Face à ces mutations rapides des flux logistiques, les acteurs de la supply chain doivent s’adapter tout en continuant à planifier les processus à travers trois niveaux : stratégique (définition de l’offre, négociations, S&OP & IBP), tactique (prévisions de vente, planification), et opérationnel (gestion des commandes, de la production, des flux en cours). En effet, c’est cette approche globale qui permet de créer de la valeur à long terme tout en optimisant les ressources à tous les échelons : indispensable, encore plus dans un contexte où les entreprises doivent challenger leur impact social et environnemental.
Cependant, cette approche, pas fondamentalement nouvelle, doit maintenant être conduite à un rythme totalement différent : les décideurs sont désormais dans une position où leurs décisions – et donc les études d’impact qui les alimentent – doivent être prises de plus en plus rapidement.

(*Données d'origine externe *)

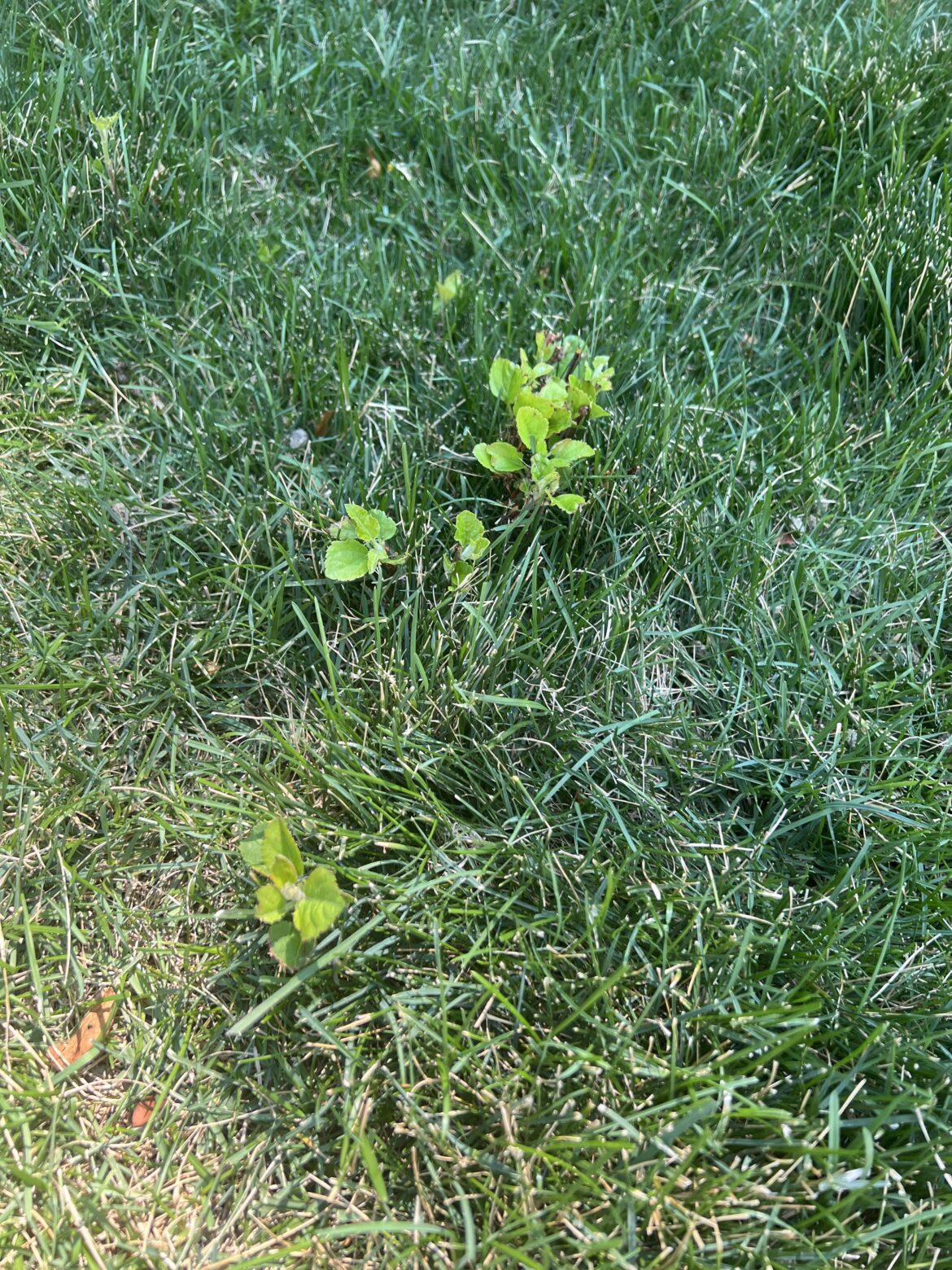 How to kill the weed but not the grass?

Or, il va de soi que la production « manuelle » d’études devant intégrer de nombreuses dimensions (économiques, environnementales, impact service…) sur différentes granularités (à l’échelle du monde, d’un pays voire d’un entrepôt ou d’une usine) et en intégrant de multiples parties prenantes (transporteur, fournisseur, client…) n’est pas compatible avec cette nouvelle donne. Au même titre, dans un contexte aussi incertain, il n’est plus suffisant de tester à un deux scénarios. A l’impératif de vitesse s’ajoute les exigences d’une complexité accrue.
Dès lors, l’enjeu est en fait de simuler davantage de paramètres et ce bien plus rapidement. On l’a compris, l’association des compétences (incontestables) des équipes supply et d’outils classiques de type tableur ne suffira pas.
Le jumeau numérique, un potentiel certain
En réponse à cette équation « impossible », le salut pourrait bien être en partie technologique : le jumeau numérique coche, sur le papier, un certain nombre de critères. Il s’agit d’une réplique numérique fidèle d’un actif ou d’une organisation, ici une supply chain physique, qui permet de visualiser les flux en temps réel, valider des projections mais surtout de simuler des leviers. En effet, cette technologie ne se contente pas de représenter visuellement les opérations, elle fournit également une plateforme interactive et ergonomique où les directeurs de supply chain peuvent tester des scénarios, prédire les impacts des décisions et optimiser les processus vis-à-vis d’objectifs multiples. Imaginez un directeur supply chain capable de visualiser instantanément l’impact d’un changement de fournisseur sur les délais de livraison, les coûts, l’empreinte carbone, ou encore la résilience de la supply chain face à des perturbations géopolitiques.

Un jumeau numérique de la supply chain offre cette possibilité, en transformant une vision statique en un outil de gouvernance dynamique et d’aide à la décision. Les simulations assistées par l’intelligence artificielle (IA) permettent d’intégrer un nombre de paramètres beaucoup plus large qu’auparavant, rendant la prise de décision à la fois plus éclairée et plus rapide. Cette technologie permet en théorie aux directeurs de supply chain de simuler, prédire et optimiser leurs décisions en temps réel, rendant ainsi les chaînes d’approvisionnement plus agiles et résilientes. Incidemment, elle doit aussi pouvoir identifier des risques et des opportunités autrement invisibles.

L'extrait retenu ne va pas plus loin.